Any clues from that?

----------

## krinn

no, i was thinking maybe mtab was missing them.

----------

## Hu

/etc/mtab is a regular file and can be stale.  /proc/mounts is a pseudofile that is always correct for the current mount namespace.  If the mount is not in /proc/mounts, then it is not actually mounted.  Many people prefer to replace /etc/mtab with a symlink to /proc/mounts for this reason.  However, doing so can disrupt use of mounts that specify the user mount option.

----------

## ferg

Thanks for that.

/proc/mounts shows the missing volumes are indeed mounted. In fact the only tool that does not is running [b]df[/].

At this point I think I'll just ignore it and hope it goes away! Everything else appears to be working fine!

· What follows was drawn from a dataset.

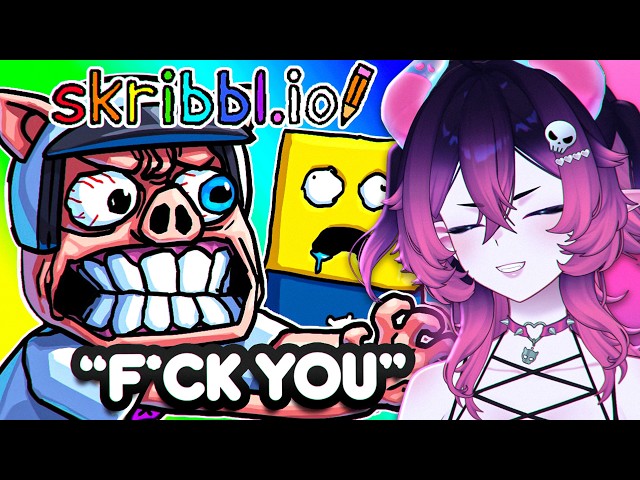 Wildcat LOSES IT Playing Skribble.io with The Vanoss Crew! | Vtuber Reacts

Thanks for everybody's input.

Cheers

Ferg

----------

## wizzi

After examining the code, I believe the problem/feature (you decide) is that "duplicate" entries are now being removed from the df output (since coreutils 8.21). I too have a ReadyNAS and I believe we are both mounting subdirectories of the unit. Basically because it's just a big disk, the free/used/etc values are going to be the same even though they are different mount points.

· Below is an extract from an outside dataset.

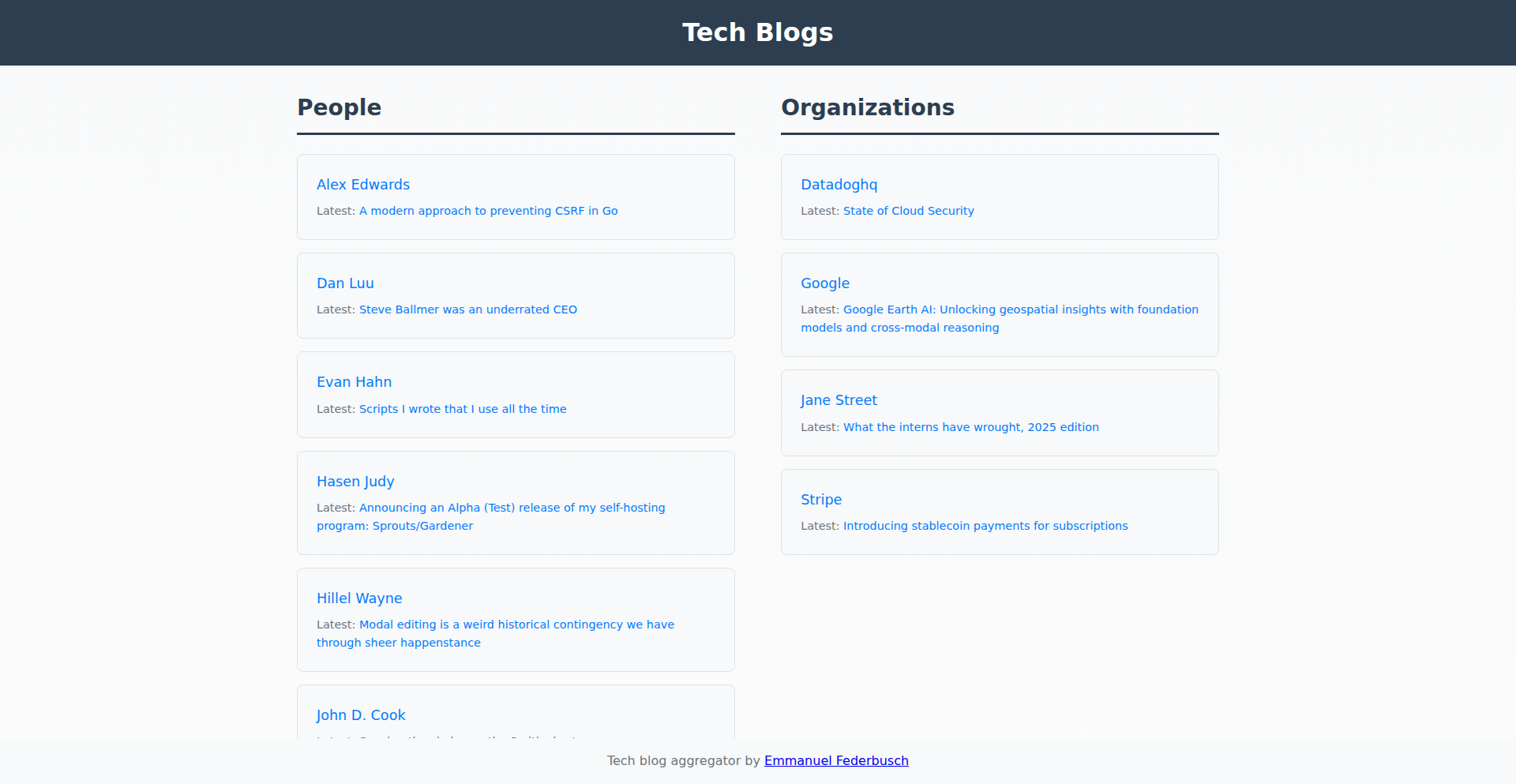 GoBlogSync: HTMX + Go 博客聚合器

The reason the particular entry shows up is that they used an election of "shortest name wins".

Personally I have yet to decide whether it's a problem or feature, but at least now we know. If we stick to the "do one thing and do it well" argument for *nix utilities, it's true we shouldn't be assuming that df will show mounted devices because they are different arenas.

Aaron

----------